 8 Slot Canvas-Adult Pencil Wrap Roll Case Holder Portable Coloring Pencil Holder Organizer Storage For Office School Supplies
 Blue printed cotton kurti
#####
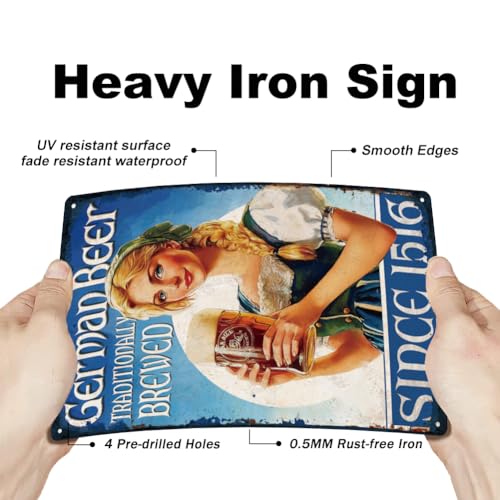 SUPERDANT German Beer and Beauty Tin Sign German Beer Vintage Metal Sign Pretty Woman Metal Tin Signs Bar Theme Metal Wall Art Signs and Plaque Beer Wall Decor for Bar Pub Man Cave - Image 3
#####
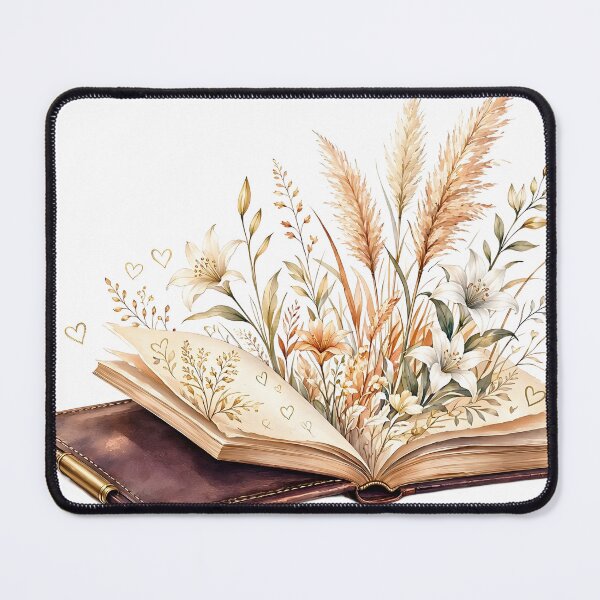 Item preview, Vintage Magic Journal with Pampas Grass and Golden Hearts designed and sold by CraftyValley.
#####
-- Aim of the exercise --
Return, with no change at all, every line in the entries above from the line containing "8 Slot Canvas-Adult" through the line containing "Blue printed cotton kurti".

-- Solution --
 8 Slot Canvas-Adult Pencil Wrap Roll Case Holder Portable Coloring Pencil Holder Organizer Storage For Office School Supplies
 Blue printed cotton kurti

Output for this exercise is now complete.